There are two things we can do about the branch penalty: we can try to reduce the penalty, or we can reduce the frequency with which we have to put up with the penalty. The former is a hardware design issue; the latter can be dealt with either in hardware or software.
BxxZ offset
where xx is either EQ or NE (so it's
either a BEQZ or a BNEZ). The offset is
added to PC+4 to generate the target address.
Note the following: the offset is in the instruction, so it is available at decode time. PC+4 is also available by now. So (if we throw some hardware at it) we can be generating the target address at the same time we are deciding whether to take the branch. In fact, we can be doing all this at the same time we are deciding whether the instruction even is a branch at all! We can load the new PC value during the exe stage (one cycle earlier than before), and fetch the new instruction on the mem stage.
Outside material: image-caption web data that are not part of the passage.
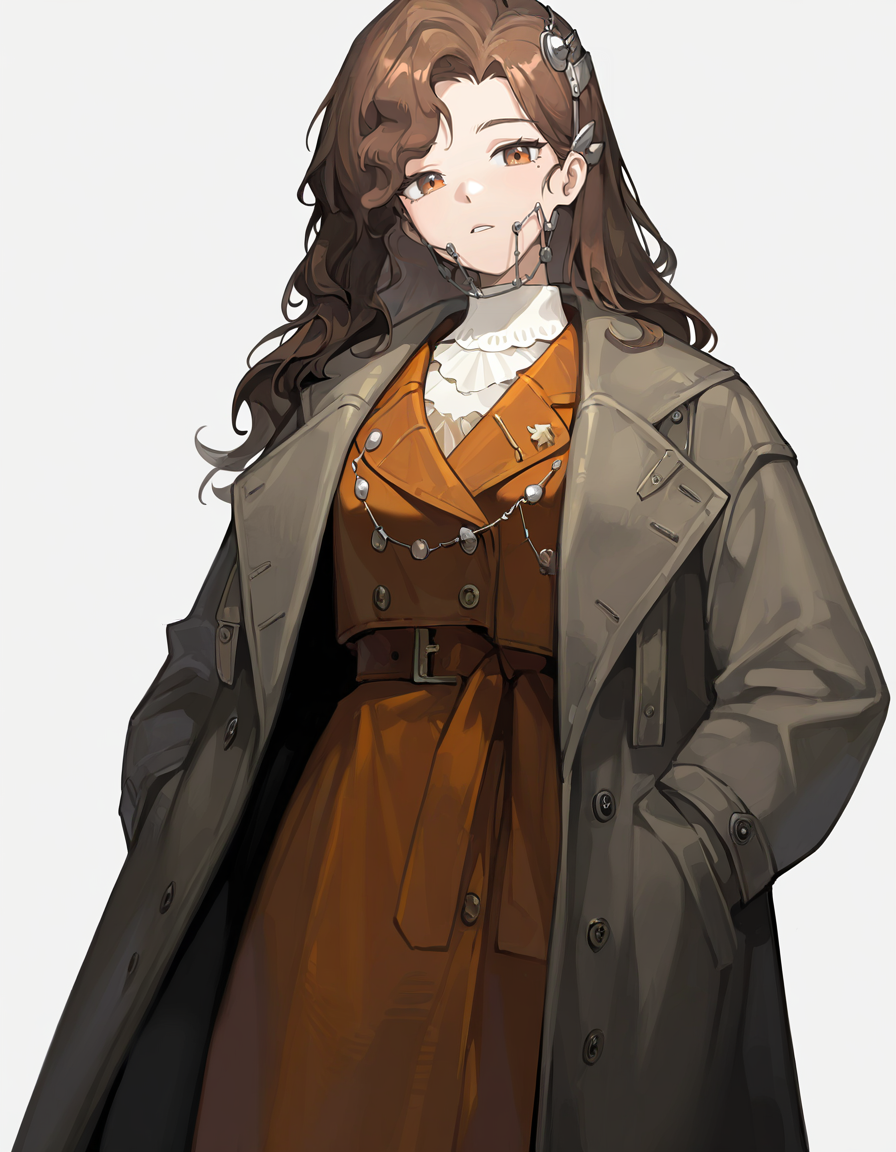 yaxian,1girl,solo,looking at viewer,simple background,white background,cowboy shot,brown eyes,<lora:yaxian-000014>,coat,, masterpiece, best quality, very aesthetic, absurdres,newest, incredibly absurdres,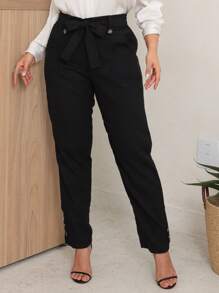 Calça Social Feminina Alfaiataria em Linho Cintura Alta Cinto Fake Laço - Preto - Visão 2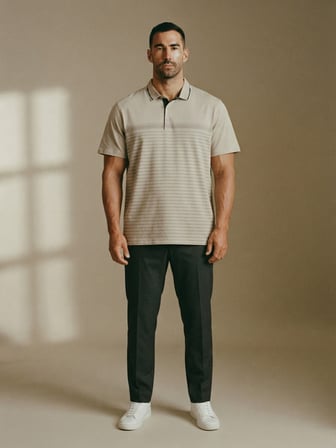 Maccali Bej Erkek Büyük Beden Desenli Bol Polo Yaka Tişört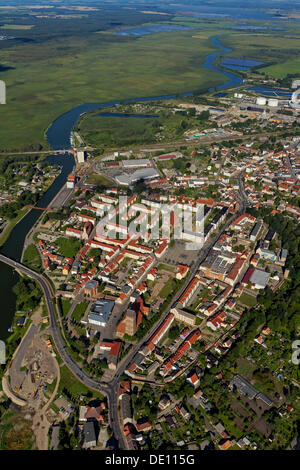 Aerial view, town centre of Anklam on the Peene River Stock Photo
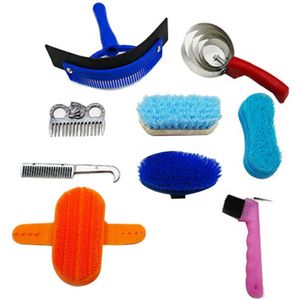 10 Pcs Grooming Tool Professionele Borstel Scrubber Curry Manen Staart Paard Cleaning Kit Set Hoof Pick Schraper Massage Kam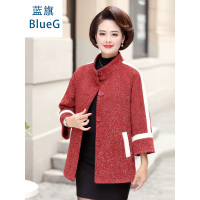 蓝旗中老年女装妈妈装新款秋冬装时尚毛呢外套中年洋气秋装上衣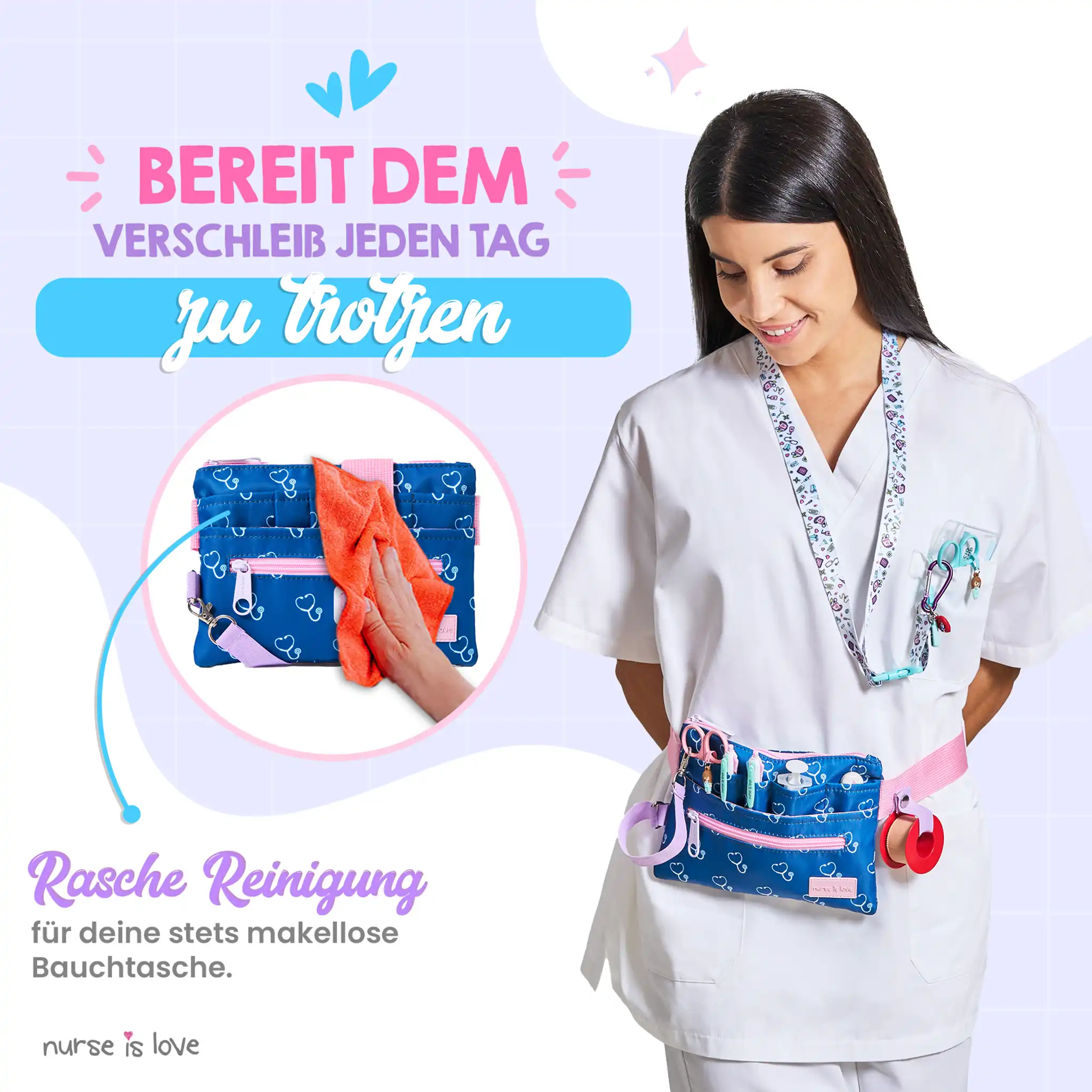Blau Organizer Hüfttasche Horizontal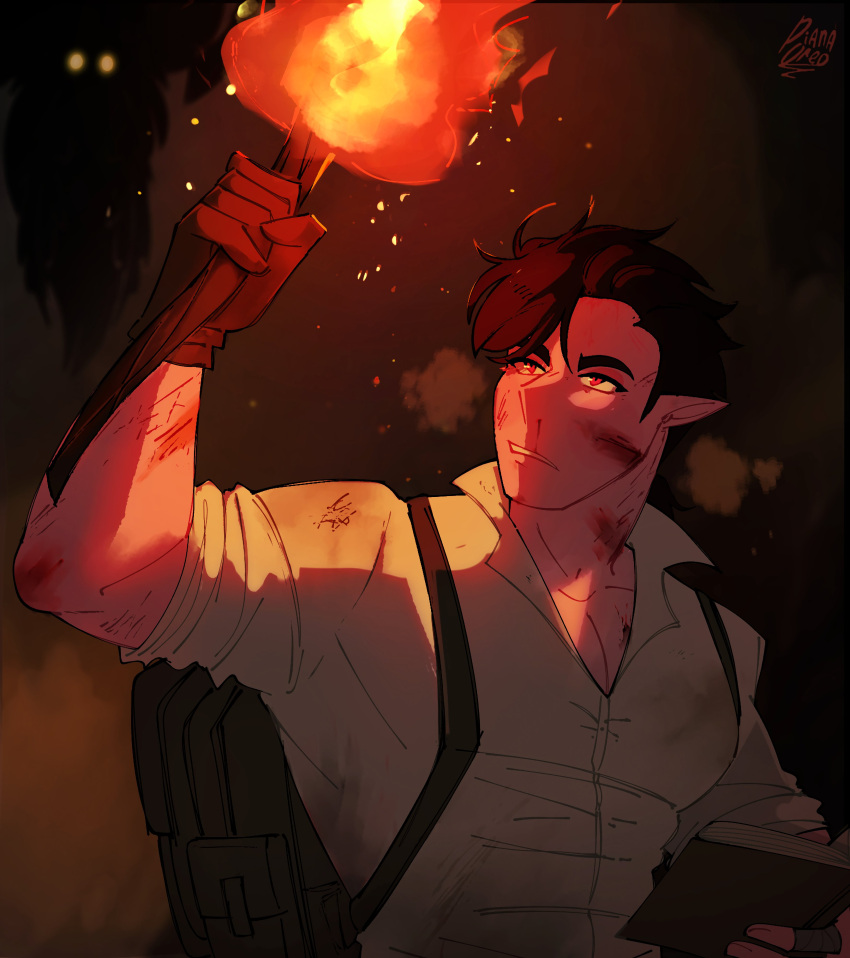 1boy, 1other, absurdres, backpack, bag, bandaged_fingers, bandages, book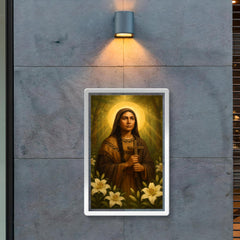 Saint Kateri Tekakwitha among lilies and forest light poster 2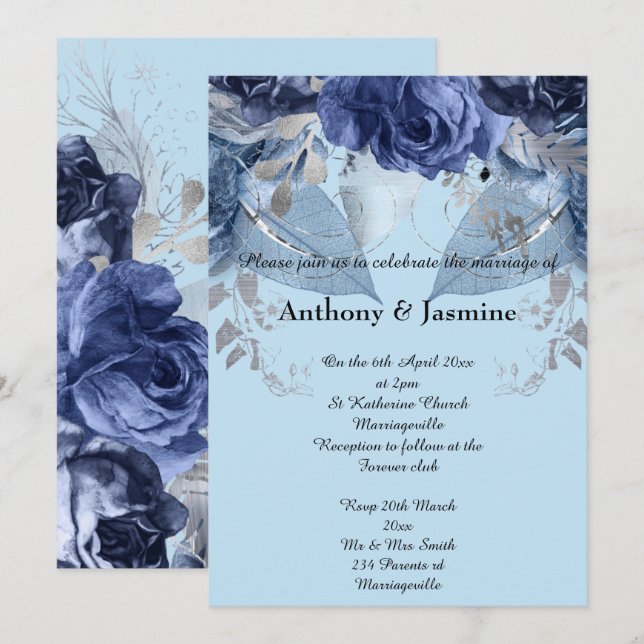 ELÉGANT BLUE NAVY FLORAL ROSE FAIRE-PART DE MARIAG (Devant / Derrière)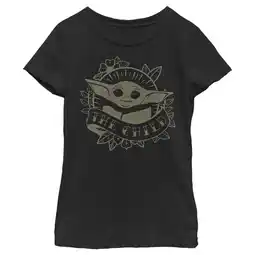 Walmart Girl's Star Wars: The Mandalorian Grogu The Child Tattoo Graphic Tee Black Large offer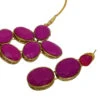 Magenta Alloy Kundan Necklace Set With Earrings Party Wear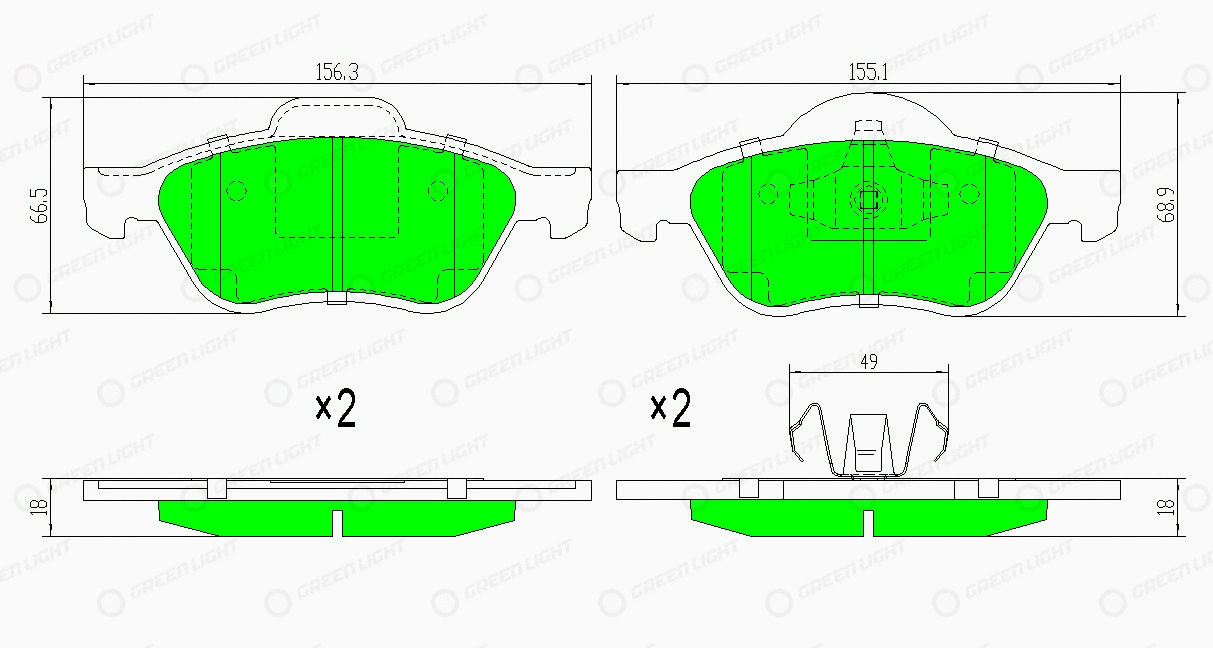 Kit de plaquettes de frein, frein à disque Automotive Adriado GLBP0029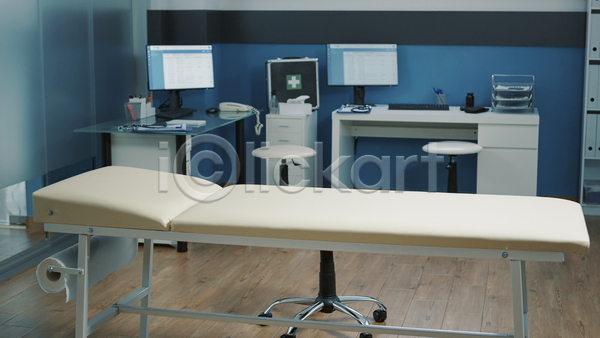 사람없음 JPG 포토 해외이미지 구급상자 모니터 병원 병원침대 비어있는 실내 의료시설 의자 진료실 책상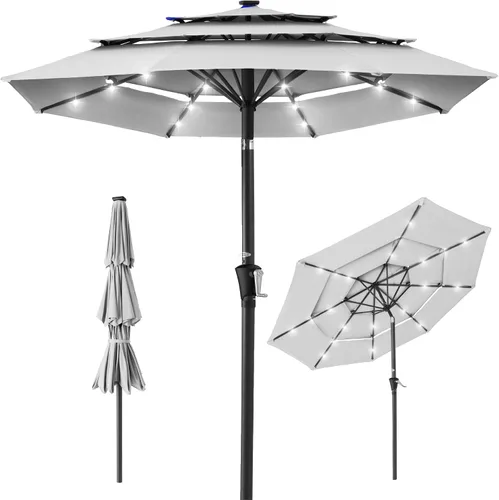 Miniatura 33 de Best Choice Products - Sombrilla solar de 10 pies de 3 niveles para patio, sombrilla de sol para exteriores, mercado, patio trasero, terraza, junto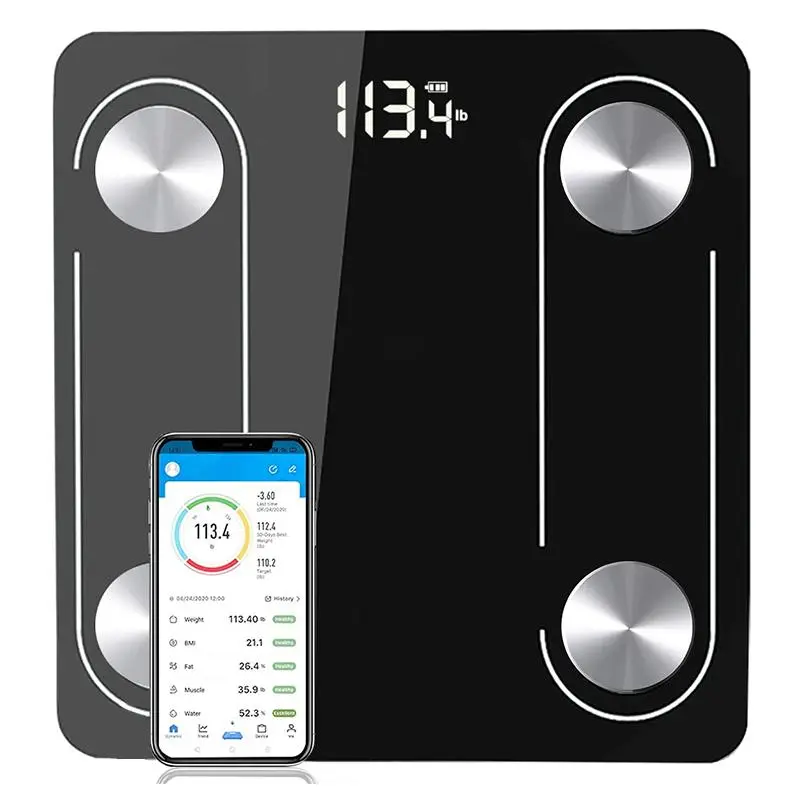 Smart Electric Digital Scale, 1 Count Connect To Mobile Phone Body Weighing Fit Scale, Accurate Digital Scale, Portable Home Electronic Scale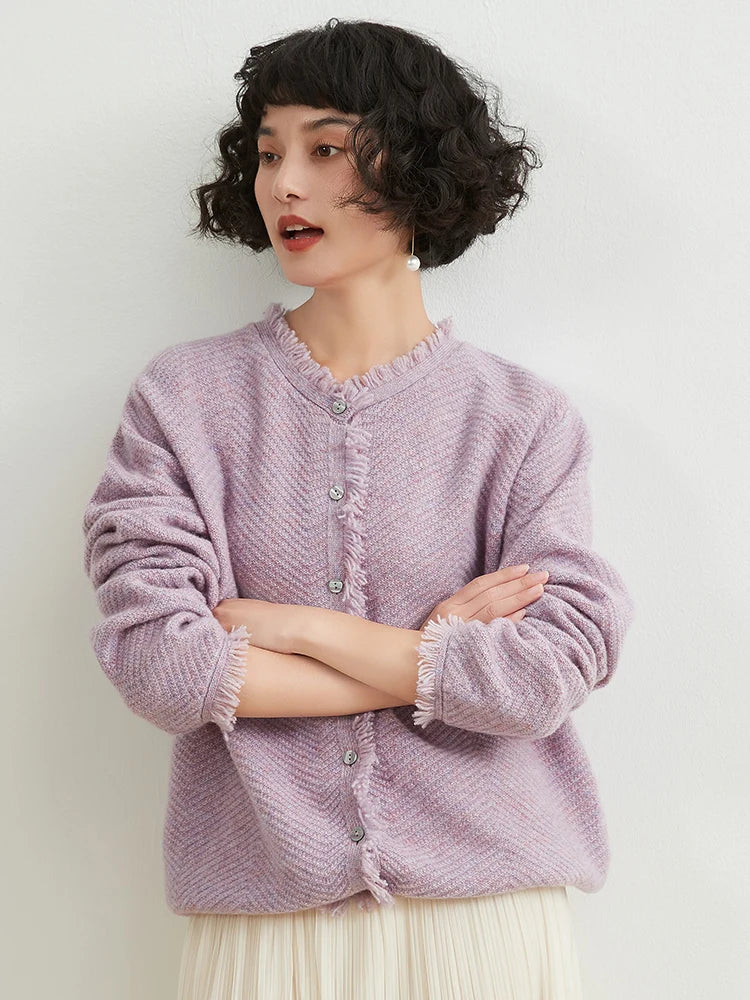 xakxx xakxx-Short coat in autumn , new round neck yarn, tassel edge, small fragrance, short coat and large size.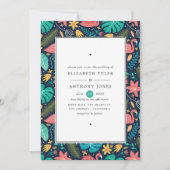 Colorful Exotic Tropical Flamingo Wedding Kaart (Voorkant)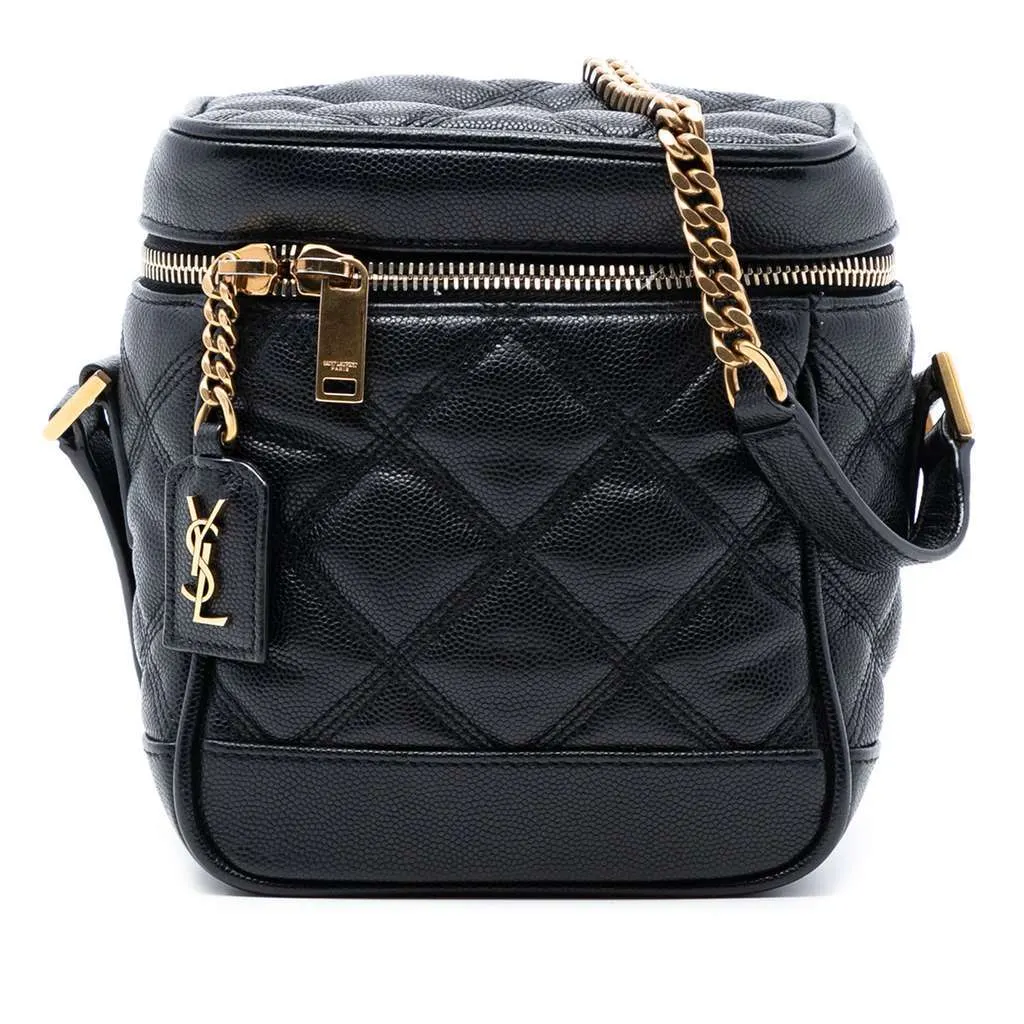 Saint Laurent Grain de Poudre Quilted 80s Vanity Bag Black Leather Very good - Front View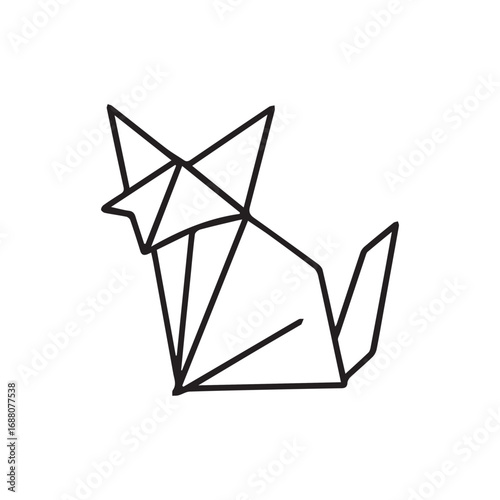 Vector minimalist illustration of an origami cat, created in simple black and white theme, showing folded paper details with bold outline strongly emphasized black.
This reduces the branch penalty to two cycles, and the CPI is improved to 1.38. Definitely worth it.
Actually, I think we can cut this to a one cycle penalty, but the point is made that it can be reduced. The next issue is reducing the number of times a branch penalty has to be paid. If the hardware can make a guess as to whether a branch is likely to be taken, it can proceed on the basis of that prediction until it knows whether the branch will actually be taken. We can have a series of more elaborate schemes for making predictions.
The only problem with this is that most branches are taken. For this architecture on the Spec benchmarks, we see 60% of forward branches are taken, and 85% of backward branches; the average across all branches is about 67%. In some designs, we could take advantage of this by predicting branches are taken; this would reduce or eliminate the branch penalty in 67% of cases instead of 33%. The text makes the claim that this actually won't do us any good in the DLX pipeline since we make the branch decision on the same cycle that we have generated the target address; this actually isn't quite true, since a one-cycle stall is required in determining whether the branch is to be taken if the branch immediately follows the instruction in which the register is set (the text makes the correct observation if the machine uses condition codes, though).